Périodiquement, tous les douze à quinze ans, le bruit court à Paris que Cléopâtre y est enterrée.

Ce bruit agace les égyptologues ou leur fait hausser les épaules.

Il charme les poètes, il enchante tous ceux auxquels la divine sorcière des cœurs et des sens continue à verser – par-delà la mort et les âges – ses éternels philtres de rêve et d’amour.

Cléopâtre couchée en terre française ! La dernière des Pharaonnes dorées inhumée à Paris !

Mais où ? mais où donc ?

Simplement à deux pas du Matin ; au sein d’un quartier agité et commercial, en un lieu délicieux, en un adorable et savant jardin qui s’épanouit entre une austère demeure et une rue pleine de frivolité, je veux dire – vous l’avez deviné – le petit jardin de la Bibliothèque nationale, enclavé entre la hautaine galerie Mazarine, – que M. Roland-Marcel vient de restaurer, – l’antique hôtel Tue-Bœuf, et la grille noire de la rue Vivienne.

C’est là, sous un massif de géraniums pourpres, près d’un vieux bassin murmurant, au pied de deux marronniers dont les feuilles rousses tourbillonnent comme des ailes d’éperviers sacrés, c’est là que sommeille, entre le fracas des autobus et le recueillement du temple des livres, la plus lettrée et la plus voluptueuse des reines, l’amante de deux Césars, qui naquit aux sons des flûtes enchantées et des sistres de l’immortelle Aphrodite, et termina l’histoire d’Égypte par une superbe page d’amour, éclaboussée de sang, bruissante de baisers…

Mais si Cléopâtre est enterrée à Paris, pourquoi chercher ailleurs, pourquoi reprendre des fouilles en Alexandrie, plutôt que d’exhumer l’ensorcelante momie ?

Mais ne s’agit-il pas d’une vaine légende, d’une poétique rumeur, répandue autrefois par ceux qui assistaient, en 1871, à l’inhumation clandestine de trois momies décomposées ?
 

*

 

De ces témoins, un seul survit, M. Mortreuil, secrétaire général, en retraite, de la Bibliothèque nationale.
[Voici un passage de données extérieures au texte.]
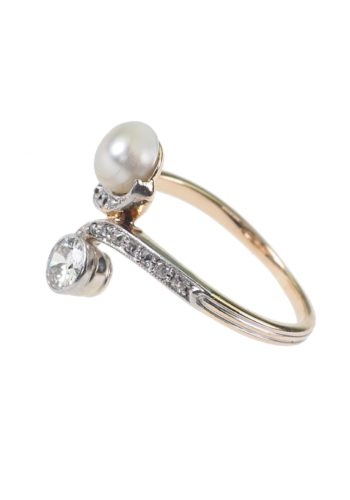 Um 1910 - You+Me Verlobungsring mit Diamanten & Perle – Bild 4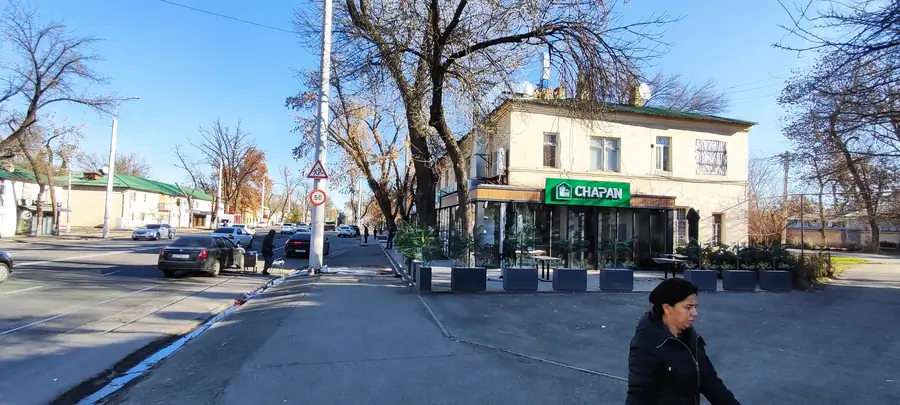 Сдается торговое помещение − 100 м²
Je suis allée le voir.

« J’avais dix-neuf ans, m’a-t-il raconté, quand je suis entré à la Bibliothèque. C’était en 1869. Il y avait alors beaucoup d’antiquités égyptiennes. Parmi elles, un lot de trois momies, dépouillées de leurs bandelettes et dont une passait, parmi les jeunes chartistes, pour être celle de Cléopâtre. Pourquoi de Cléopâtre ? Je n’en sais rien. Peut-être simplement parce qu’elle était de type grec et adorablement jolie. Toujours est-il que nous fûmes tous amoureux de notre Cléopâtre ; c’était à qui inventerait des prétextes pour monter la contempler, ou même pour se laisser enfermer la nuit et soulever son « voile d’Isis. » Ce voile d’Isis consistait, d’ailleurs, en un vulgaire bout de calicot remontant, paraît-il, à l’époque de Louis XVIII. Au jour où la duchesse de Berry avait annoncé sa visite au cabinet des Médailles, l’administrateur, jugeant indécent de montrer à la jeune princesse sa royale collègue toute nue, avait envoyé chercher ce pagne chez une mercière de la rue Vivienne et Cléopâtre en était restée affublée… J’ai entendu raconter encore que ces trois momies – les deux autres étaient mâles – avaient été rapportées d’Égypte dans les bagages de Bonaparte, et que Bonaparte avait passé toute une nuit avec la belle embaumée, sous sa tente, au pied des Pyramides. Est-ce lui qui l’a baptisée Cléopâtre ou bien fut-elle identifiée ? Pourquoi et quand l’avait-on dépouillée de ses bandelettes ? À vrai dire, cela m’importait peu. À vingt ans, on préfère le roman à l’histoire. D’ailleurs, la guerre survint, puis le siège de Paris. Pour protéger nos collections contre les obus prussiens, nous les descendîmes dans les caves, et avec elles, nos trois momies désemmaillotées. L’humidité les décomposa et lorsque la Commune prit possession de la Bibliothèque, Cléopâtre et ses suivants dégageaient des odeurs si suspectes, que le commandant de la garde nationale ordonna l’enfouissement des trois « macchabées. »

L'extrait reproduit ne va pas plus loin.